I understand your point of view and I do realize that aquarium keeping is a hobby. Like all hobbies, aquariums can get expensive. I guess my approach to this hobby is to keep it as cheap as possible. Maybe you are one of those guys that buy a Corvette when they want a fast car. I'm the guy who buys a used Impreza STI, modifies it and takes pleasure out of the fact that I now have an equally fast or faster car for a lot less money. The Corvette may last longer, but my goal wasn't to have a long lasting car to begin with. If I end up having to buy the Corvette, then so be it. I am not trying to cause problems or be rude either, but are you also admonishing everyone who has done a DIY project? Yeah, they could've bought the real deal, but instead they decided to save a few bucks and learn something new at the same time. Consider it as another way for me to enjoy the hobby by taking the cheaper route, as it requires more effort to find compatible fish. In my research, I've found that there are at least several fish common to tropical fish stores that do well in cold water as well, such as the multitude of species listed here: What Fish Species are Coldwater?. My whole problem is that I am a relative newbie that doesn't know which "tropicals" are compatible with other "tropicals," as well as what combination would best suit my tank.
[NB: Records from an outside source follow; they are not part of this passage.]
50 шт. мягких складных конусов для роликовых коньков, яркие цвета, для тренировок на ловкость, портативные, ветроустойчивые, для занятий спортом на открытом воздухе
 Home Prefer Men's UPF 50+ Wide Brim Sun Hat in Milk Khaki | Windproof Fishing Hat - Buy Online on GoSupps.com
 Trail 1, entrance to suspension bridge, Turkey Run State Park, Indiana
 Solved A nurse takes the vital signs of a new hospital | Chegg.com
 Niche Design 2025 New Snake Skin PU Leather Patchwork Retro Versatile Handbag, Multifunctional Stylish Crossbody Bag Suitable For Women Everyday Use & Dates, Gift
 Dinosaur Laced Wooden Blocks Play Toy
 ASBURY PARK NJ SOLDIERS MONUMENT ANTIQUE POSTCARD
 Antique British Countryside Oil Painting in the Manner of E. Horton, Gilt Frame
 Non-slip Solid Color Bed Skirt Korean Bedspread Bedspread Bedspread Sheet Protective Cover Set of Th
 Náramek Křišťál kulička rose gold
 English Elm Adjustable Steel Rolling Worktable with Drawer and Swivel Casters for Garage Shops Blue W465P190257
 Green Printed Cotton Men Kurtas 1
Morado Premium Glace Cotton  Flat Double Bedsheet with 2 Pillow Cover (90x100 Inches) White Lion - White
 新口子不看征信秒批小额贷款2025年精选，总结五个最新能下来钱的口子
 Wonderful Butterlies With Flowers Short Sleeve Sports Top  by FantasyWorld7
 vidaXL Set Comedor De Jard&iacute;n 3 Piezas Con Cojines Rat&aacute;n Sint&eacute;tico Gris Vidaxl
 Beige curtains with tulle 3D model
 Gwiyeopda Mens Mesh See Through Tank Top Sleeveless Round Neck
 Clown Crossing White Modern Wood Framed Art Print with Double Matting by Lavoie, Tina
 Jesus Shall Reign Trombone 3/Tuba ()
It is _MY_ guess that if I choose my fish wisely I will have no fish loss associated with temperature issues due to the lack of a heater, and even the "small amount" of heater operational cost can add up to a large amount over time.



> you are right its too cold now, the fish well I shouldnt say that, I had a bluegill till yesterday when I went ice fishing, he was consumed immediately by a bass I have in a 500g QT tank at work. It did survive the gill freeze associated with cold weather as well as the transport in literally sub-zero temps.
> 
> 
> Good Luck but if you need native advice please PM me, I handle over 30K gallons of warm and cold water native goodness at work.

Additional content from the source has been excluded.